3 thoughts on “Hanno ucciso il patent box – S2E13”

  1. Buongiorno.
    Ho ascoltato il podcast, letto l’articolo di Oscar su Affari & Finanza di La Repubblica e anche ascoltato il presidente di Confindustria, Bonomi, che lamentava l’abolizione del Patent box.
    Poi mi capita l’articolo sul Il Fatto Quotidiano dell’ 8 novembre 2021 a firma Tommaso Faccio e Andrea Roventini che copio qui sotto:

    [ L’abolizione del Patent Box, un passo nella giusta direzione

    Introdotto nel 2015 per spingere ricerca e sviluppo, ha finito (come ovunque) per favorire poche grandi imprese con soldi pubblici: ora puntiamo sull’open science

    Fu introdotto in Europa la prima volta negli Anni 70 dall’irlanda, uno dei paradisi fiscali Ue: si tratta di un meccanismo che permette la tassazione agevolata dei redditi derivanti dall’utilizzo di beni immateriali (software, brevetti industriali, di disegni e modelli). Una misura che si è diffusa a macchia di leopardo in Europa con aliquote che vanno dal 2% di Malta (a non considerare lo 0% di San Marino) al 13,95% italiano (da noi la misura fa escludere dalla base imponibile il 50% dei redditi).

    Se a introdurlo a inizio anni 70 fu l’irlanda, paradiso fiscale europeo, l’italia sarà invece il primo paese ad abolire il Patent Box, un incentivo che permette la tassazione agevolata dei redditi derivanti dall’utilizzo di beni immateriali (software, brevetti industriali di disegni e modelli). Una misura che si è diffusa a macchia di leopardo in Europa con aliquote che variano dal 2% di Malta al 13,95% italiano (la misura consente di escludere dalla base imponibile il 50% dei redditi) permettendo così alle multinazionali di spostare i propri beni immateriali – e relativi redditi – dove fiscalmente più conveniente. Le conseguenze negative delle pratiche di ottimizzazione fiscale aggressiva sono molteplici: nell’ambito delle attività di impresa alterano la concorrenza e favoriscono la polarizzazione e la concentrazione; sul piano sociale erodono la fiducia dei contribuenti nel settore pubblico, scoraggiando il consenso popolare nei confronti del sistema di contribuzione fiscale e del contrasto all’evasione.

    In Italia il Patent Box è stato introdotto nel 2015 col duplice obiettivo di incentivare il collocamento di beni immateriali in Italia e di favorire l’investimento in attività di ricerca e sviluppo.
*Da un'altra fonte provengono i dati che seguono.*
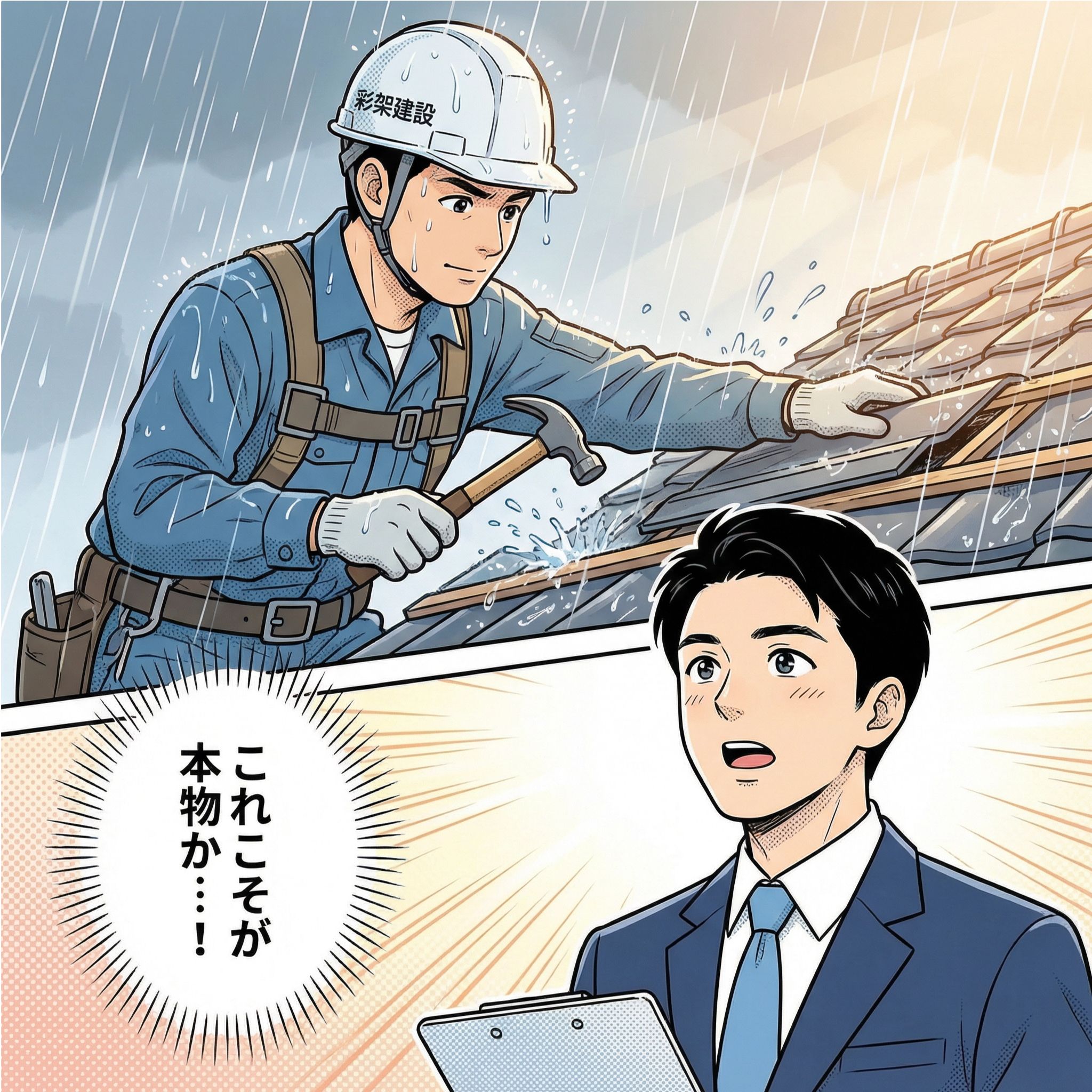 雨の中で屋根の雨漏り修理に真剣に取り組む彩架建設の職人と、その技術力に感動する雨漏り診断士・村上健司を描いた福岡県の雨漏り修理業者調査の漫画イラスト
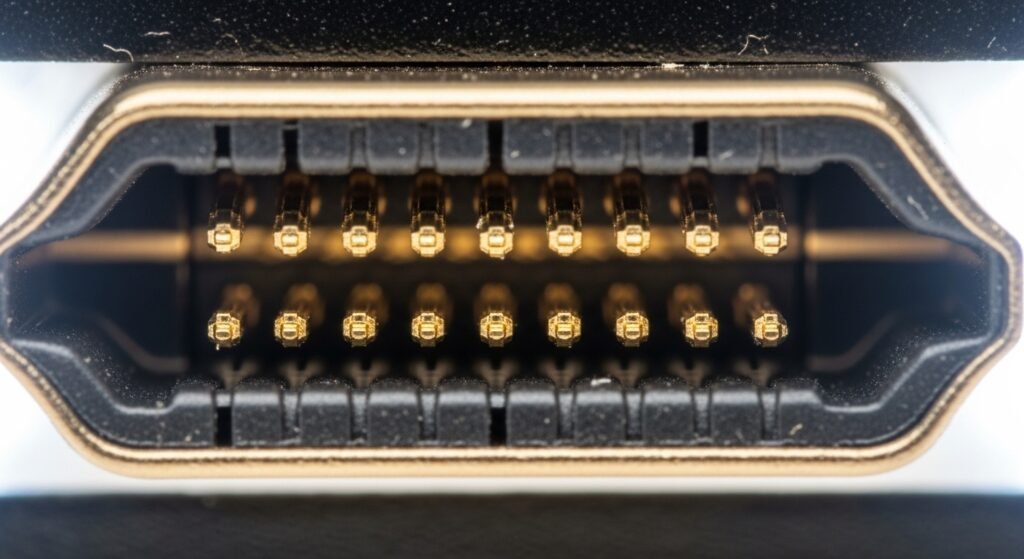 Close-up extremo detalhando os 19 pinos internos de contato de um cabo HDMI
Ma per beneficiare dell’aliquota preferenziale non serve incrementare i costi di ricerca e sviluppo e ad oggi non ci sono dati pubblici sull’efficacia di questa misura in relazione ai due obiettivi, mentre il costo per le casse dello Stato non è indifferente: minori entrate per 1,6 miliardi nel solo 2019. Il beneficio, peraltro, è molto concentrato in poche grandi imprese: si pensi che nel 2017 a beneficiare di questa agevolazione sono state circa 1.300 imprese, di cui 1.200 società di capitale (sulle oltre 800.000 attive in quell’anno). Risulta poi molto alta la concentrazione degli importi sia su un piano dimensionale che territoriale: l’8,3% delle imprese beneficiarie, che ha ricavi superiori a 250 milioni, ha usato il 63% del reddito detassato. I dati sono ancora più scoraggianti se si considera che la ricerca e sviluppo delle imprese italiane è stabilmente tra le più basse nell’ue. Ora il governo si appresta a sostituirlo con un nuovo regime legato non più ai redditi, ma ai costi effettivi di ricerca e sviluppo sostenuti, incrementando del 90% l’importo deducibile delle spese di ricerca e sviluppo relative ai beni immateriali. È una misura che va nella giusta direzione.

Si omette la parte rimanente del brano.